恋人⇆セフレ
第12章 春がきて。
思わずあげかけた顔を、ふ。と下げる。
どういうことだ?誰からの情報で、どういう経緯で?
聞きたい事は沢山あるのに、ある可能性が思い浮かんで、一気に呼吸が苦しくなった。
唾の飲み込み方も分からなくなって、はくはくと唇を動かすことしかできない。
ーーーーつまり、知っていたのに伊織はすぐに俺のところに来なかった。
それを指す事実は、ただ一つ。
「………嫌になっただろ。」
自分のエゴだけで消えたわがままな俺に、いい加減愛想がついてしまったからだ。
「俺はどう頑張っても皆が望む可愛い恋人なんてできない。

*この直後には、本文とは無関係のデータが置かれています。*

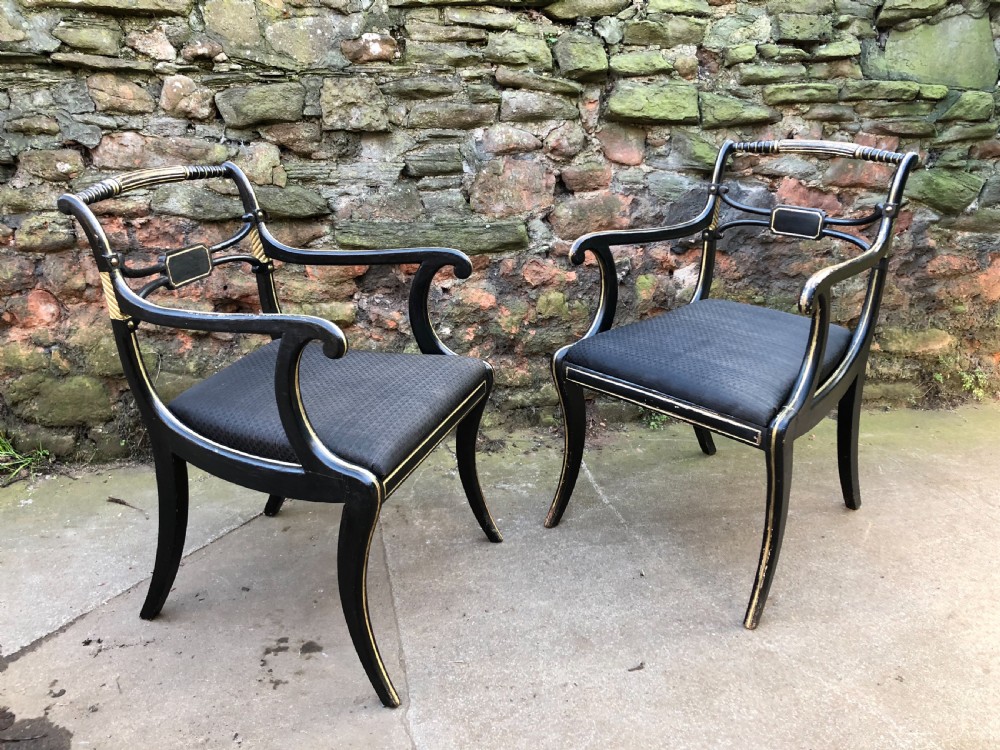 Fine pair of Regency Armchairs  View XVIII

あの時俺がいなくなって、お前は良かったと思うぞ」
どんどん俯いていく顔。震えそうになる手をどうにか抑えて、膝の上で強く握る。
また涙が込み上がってきそうだ。
意味がわからない。なんで俺が泣くんだ。泣いていい資格なんてないだろ。
「そ、そうだ。いい人は見つかったのか?お前のことだから、好きだなんだと寄って来る奴は沢山いただろ…?俺と違って素直で尽くしてくれる奴がお前にはーーーーーー…」
と、言いたくも聞きたくもなかった言葉は飲み込まれた。
「志乃さん」
ーーーー強く握りすぎて色が変わった俺の手に、優しく伊織の手が重ねられたからだ。